Vive la France

The night we arrived in France I started my period. I hadn’t had many before, I wasn’t clued in to the warning signs. My knickers were stained with blood despite the wadges of toilet paper I had stuffed inside. My exchange partner was a boy. There was no way I could explain to him what was going on, and when we got to his house, I declined dinner and went straight upstairs to my room. Once there I changed my clothes, but I had no pads and I burst into tears with the stress of it all. The mum asked me if I wanted to call home. They couldn’t figure out why I was so distraught and I didn’t have the words to tell them, or any inclination to share my stained underwear.

The next day we went ice-skating. I awkwardly hugged the edge of the rink, the gigantic sanitary towel I had found in the bathroom cabinet lodged between my thighs as though I was riding a thoroughbred.

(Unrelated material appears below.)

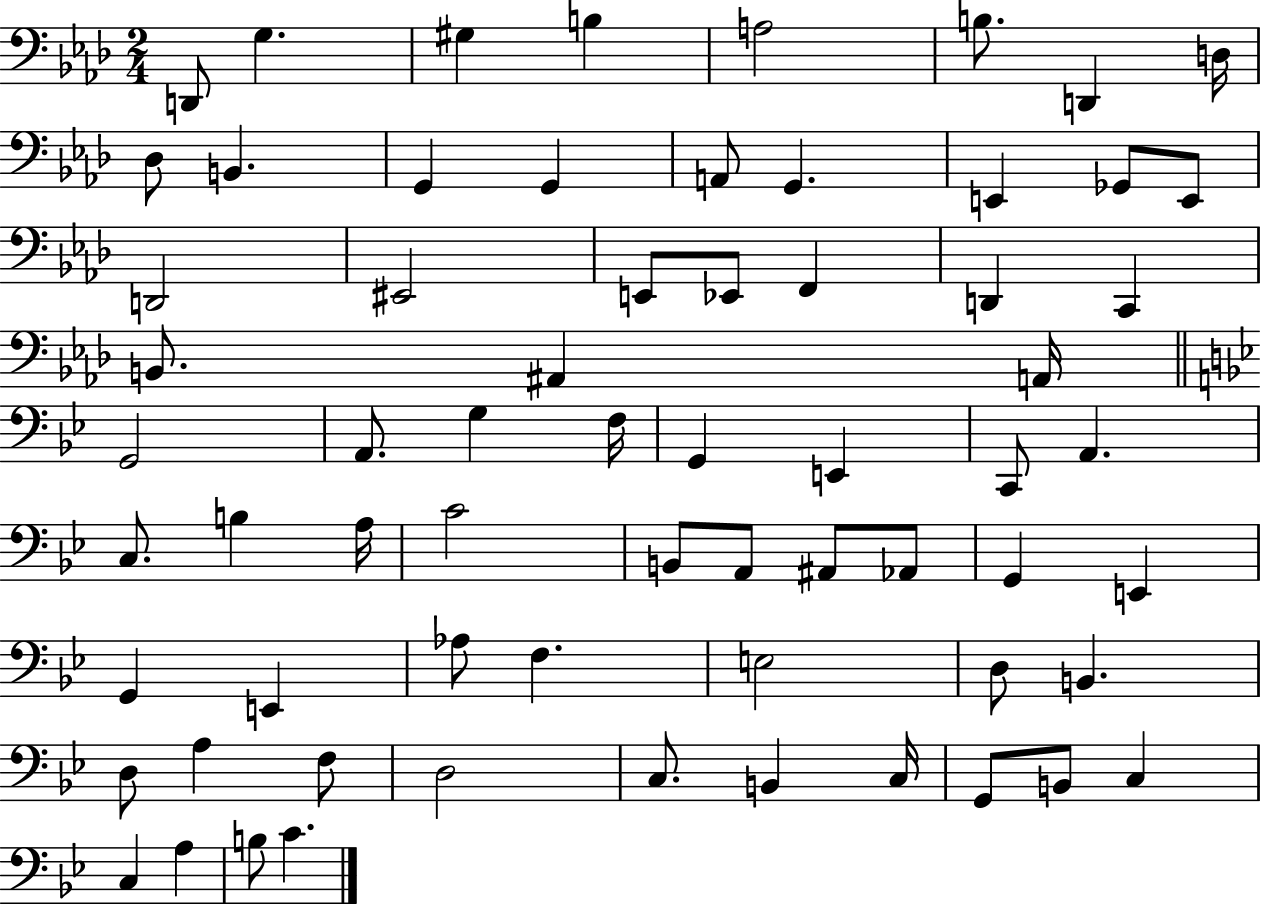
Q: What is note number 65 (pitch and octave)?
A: B3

Then I saw the most beautiful boy. His hair was dark and glossy and flopped over his tanned forehead. He wore a rollneck sweater – they all did – and blue denim jeans. His skin was clear of teenage acne, but it was his eyes that compelled me across the ice. They were a light aquamarine, a pool I wanted to dive into and never come up again.

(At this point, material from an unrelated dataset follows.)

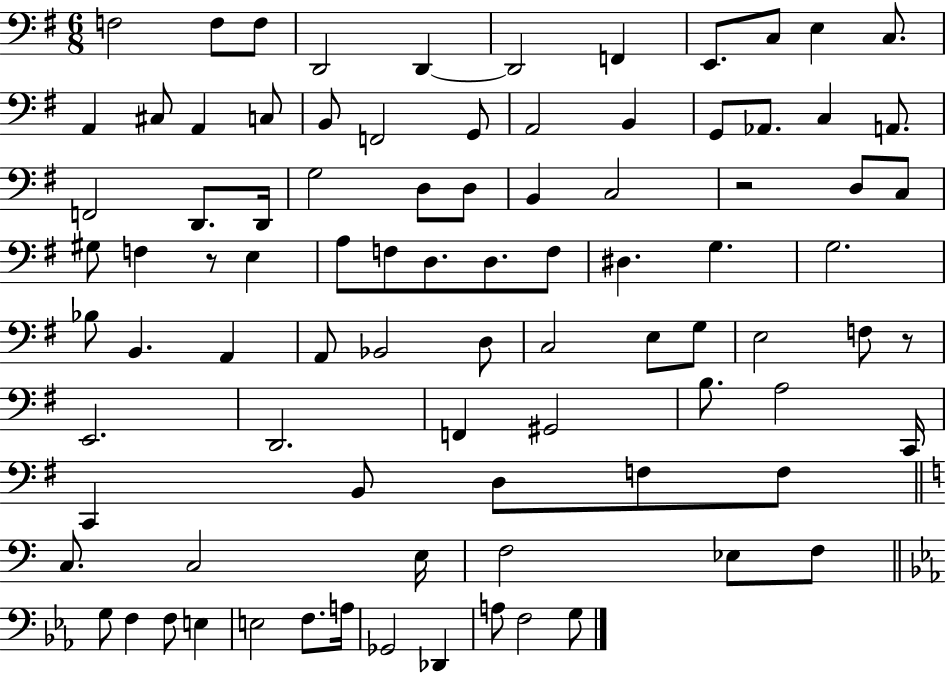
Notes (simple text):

F3/h F3/e F3/e D2/h D2/q D2/h F2/q E2/e. C3/e E3/q C3/e. A2/q C#3/e A2/q C3/e B2/e F2/h G2/e A2/h B2/q G2/e Ab2/e. C3/q A2/e. F2/h D2/e. D2/s G3/h D3/e D3/e B2/q C3/h R/h D3/e C3/e G#3/e F3/q R/e E3/q A3/e F3/e D3/e. D3/e. F3/e D#3/q. G3/q. G3/h. Bb3/e B2/q. A2/q A2/e Bb2/h D3/e C3/h E3/e G3/e E3/h F3/e R/e E2/h. D2/h. F2/q G#2/h B3/e. A3/h C2/s C2/q B2/e D3/e F3/e F3/e C3/e. C3/h E3/s F3/h Eb3/e F3/e G3/e F3/q F3/e E3/q E3/h F3/e. A3/s Gb2/h Db2/q A3/e F3/h G3/e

I’ve no idea now how I summoned the nerve or found the words, but within minutes we were kissing and we spent the rest of the hour at the rink together, pressed up against the damp wall or skating round holding hands. He skated backwards, his fingers linked with mine, our eyes locked together. My exchange partner, Davide, seemed sour. My new love was his cousin, and so we saw each other again during the holiday, but never repeated our passionate embraces. Patrick gave me a ring before I left, a light tinny circle indented with stars.

I wore it on my thumb and for many years it was like a talisman, a sign that good things had happened to me. I had been the girl who kissed the boy.